Premier League clubs have voted to implement significant changes to the division's financial regulations, effective from the start of the next season. These overhauls include the scrapping of the existing Profitability and Sustainability Rules (PSR) and the introduction of new Squad-Cost Rules (SCR) and Sustainability and Systematic Resilience (SSR) proposals. However, controversial plans for 'top-to-bottom anchoring' were ultimately rejected.
The new Squad-Cost Rules (SCR) will limit clubs to spending no more than 85% of their total football revenue, which includes net profit or loss from transfers. For clubs participating in UEFA competitions, a stricter limit of 70% of revenue on football costs will apply, aligning the Premier League more closely with UEFA's existing financial dictates. Squad costs under SCR will encompass player and manager wages, transfer fees, and agents' fees. The new system also includes a multi-year allowance of an extra 30%, though exceeding this will incur a levy, with clubs eventually needing to comply with the 85% threshold or face sporting sanctions. The Premier League stated that SCR aims to foster opportunities for all clubs, promoting greater success and bringing the league's financial framework nearer to UEFA's model. Key features of this system include transparent in-season monitoring and sanctions, protection against sporting underperformance, flexibility to spend ahead of revenues, enhanced ability to invest off the pitch, and a reduction in complexity by focusing specifically on football-related expenditures.
The previous Profitability and Sustainability Rules (PSR) had imposed a maximum loss of £105 million ($137.2m) over a rolling three-year period. The shift to SCR, which focuses on a ratio of spending to revenue, offers a different approach to financial management within the league.
Alongside SCR, new Sustainability and Systematic Resilience (SSR) proposals were unanimously approved by the clubs. These proposals are designed to assess a club's financial health across short, medium, and long-term horizons, utilizing three specific tests: the Working Capital Test, the Liquidity Test, and the Positive Equity Test.
Conversely, the proposal for 'top-to-bottom anchoring' (TBA) failed to gain the necessary support and was rejected.

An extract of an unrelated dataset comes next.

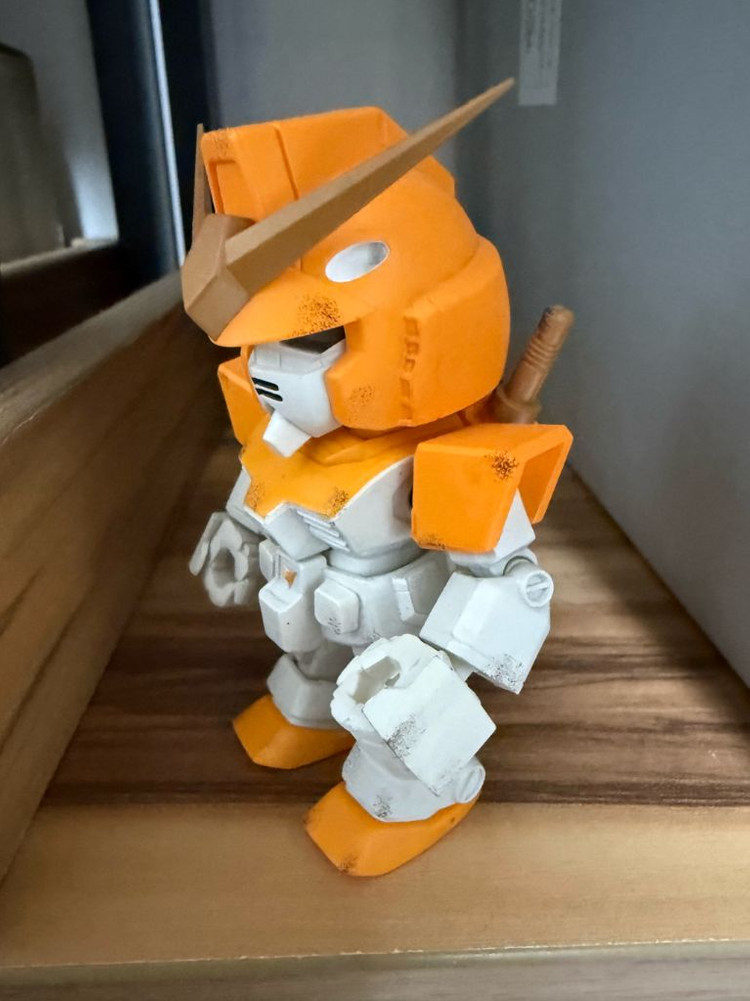 QMSV MINI 5주년 아티스트 컬러 Ver.(애슐리 우드 건담) 팝니다 이미지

This controversial proposal would have limited any club's spending to no more than five times the amount earned by the league's bottom club in the previous season from centralized payments, such as prize money, television fees, and collective commercial income. While supporters believed anchoring would enhance competitive balance, the Professional Footballers Association (PFA) raised concerns that such a cap could negatively impact players' wages. Additionally, fears were voiced that top English clubs might struggle to compete for elite players in the global transfer market if a hard spending cap were introduced. Three major sports agencies, CAA Stellar, CAA Base, and Wasserman, had even threatened potential legal action, suggesting TBA could contravene section two of the UK's Competition Act. The decision to link spending limits to revenue, as with SCR, rather than a fixed number based on centralized contracts, provides clubs with greater financial flexibility.

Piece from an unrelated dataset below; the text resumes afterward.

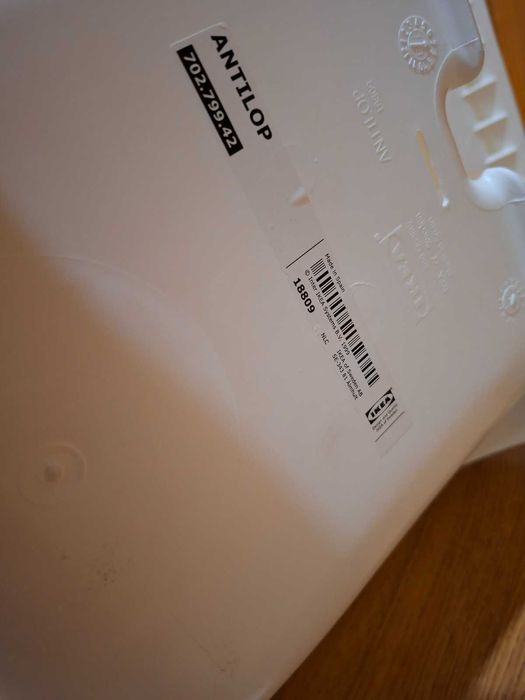 Cadeira IKEA ANTILOP com almofada redutora e apoio de pés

The votes, which took place in London on Friday, conclude two years of consultations. This period included trialling both SCR and TBA through shadow monitoring over the last two seasons, allowing clubs to understand potential compliance requirements. SCR passed with 14 votes in favour and six against, meeting the minimum requirement for a rule change, while SSR received unanimous backing. The anchoring proposal, however, was rejected with 12 votes against, seven in favour, and one abstention.